AGI - Longtemps centrée sur l’énergie, la relation entre l’Italie et l’Algérie cherche désormais à changer d’échelle. Industrie automobile, agriculture, investissements productifs, corridors commerciaux africains et coopération migratoire: Alger entend se présenter non plus seulement comme un fournisseur de gaz pour l’Europe, mais comme une plateforme industrielle et logistique entre Méditerranée, Afrique et monde arabe. C’est le message porté par l’ambassadeur d’Algérie à Rome, Mhamed Khelifi, dans un entretien accordé à “Agenzia Nova”.
Selon le diplomate, les relations entre Rome et Alger traversent “une phase très positive”, soutenue par une convergence politique croissante entre Giorgia Meloni et le président algérien Abdelmadjid Tebboune. La visite de Meloni à Alger, organisée après la fin du Ramadan, avait été préparée bien avant les récentes turbulences géopolitiques et énergétiques internationales, mais elle a acquis depuis une dimension stratégique supplémentaire dans un contexte marqué par les tensions au Moyen-Orient et les inquiétudes sur les approvisionnements mondiaux.
Partenariat énergétique entre Rome et Alger
L’énergie reste le pilier central du partenariat. L’Algérie demeure l’un des principaux fournisseurs de gaz de l’Italie à travers le gazoduc TransMed, tandis que la coopération entre Eni et Sonatrach continue de s’étendre dans l’exploration et l’upstream. Mais Alger cherche désormais à transformer cette interdépendance énergétique en une coopération industrielle plus large.
Développement de nouvelles synergies
“Énergie, agriculture, industrie, automobile : nous voulons développer de nouveaux projets et de nouvelles synergies”, explique Khelifi. L’ambassadeur insiste particulièrement sur le positionnement géoéconomique de l’Algérie, qui permettrait aux entreprises italiennes d’utiliser le pays comme base de production destinée à trois grands espaces commerciaux : le marché européen via l’accord d’association avec l’Union européenne, la zone arabe de libre-échange et le marché africain continental.
Projet automobile à Tafraoui
Cette stratégie prend une forme concrète dans le secteur automobile avec le développement du site industriel de Stellantis à Tafraoui, près d’Oran. Après un premier forum organisé à Turin avec une centaine d’entreprises italiennes de la filière automobile, Alger prépare désormais une deuxième étape du dialogue industriel. Un nouvel événement doit se tenir à Alger afin d’attirer davantage d’équipementiers italiens autour de l’écosystème Stellantis.
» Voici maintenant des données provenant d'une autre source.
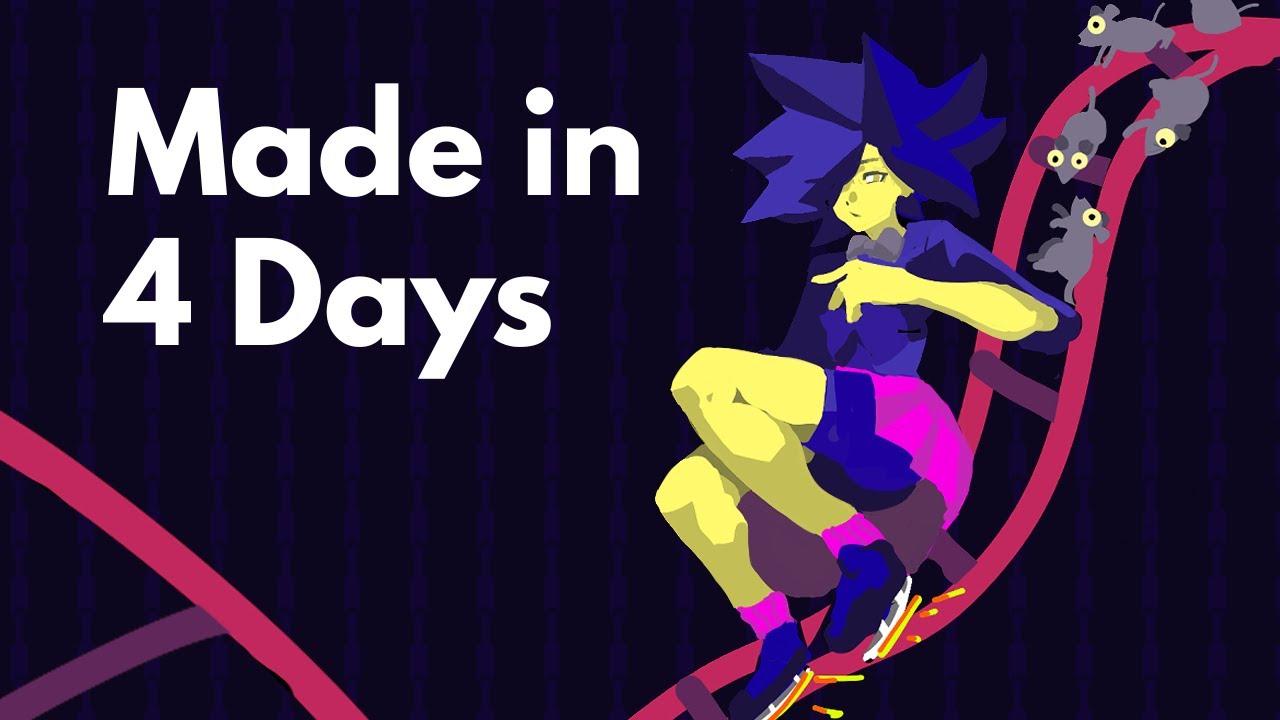 Making a Game in 4 Days for the GMTK Game Jam - YouTube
Intégration industrielle régionale
Pour Alger, il ne s’agit pas d’une logique de délocalisation mais d’intégration industrielle régionale. “Nous travaillons ensemble dans l’intérêt des deux économies”, affirme Khelifi, qui évoque déjà des terrains identifiés dans la région d’Oran pour accueillir d’éventuels investisseurs italiens.
Coopération agricole et agro-industrie
La coopération s’étend également à l’agriculture et à l’agro-industrie. Les projets lancés par BF Spa dans la culture du blé dur et la transformation alimentaire s’inscrivent dans une stratégie algérienne de diversification économique destinée à réduire la dépendance aux hydrocarbures.
Investissements et infrastructures
L’Algérie cherche parallèlement à renforcer ses liens économiques institutionnels avec l’Italie. En amont de la prochaine Foire internationale d’Alger, qui réunira plus de 700 entreprises et une trentaine de pays, l’ambassade algérienne prévoit une rencontre dédiée aux investisseurs italiens afin de promouvoir les opportunités dans l’industrie, la logistique et les infrastructures.
Coopération migratoire et Plan Mattei
Le dossier migratoire occupe également une place importante dans les discussions entre les deux capitales. Selon Khelifi, Alger et Rome partagent “la même vision” : lutte contre l’immigration irrégulière d’un côté, développement économique et promotion de voies migratoires légales de l’autre. L’ambassadeur considère à ce titre que le Plan Mattei porté par le gouvernement italien constitue “une vision ambitieuse” visant à traiter les causes économiques des migrations à travers des investissements productifs en Afrique.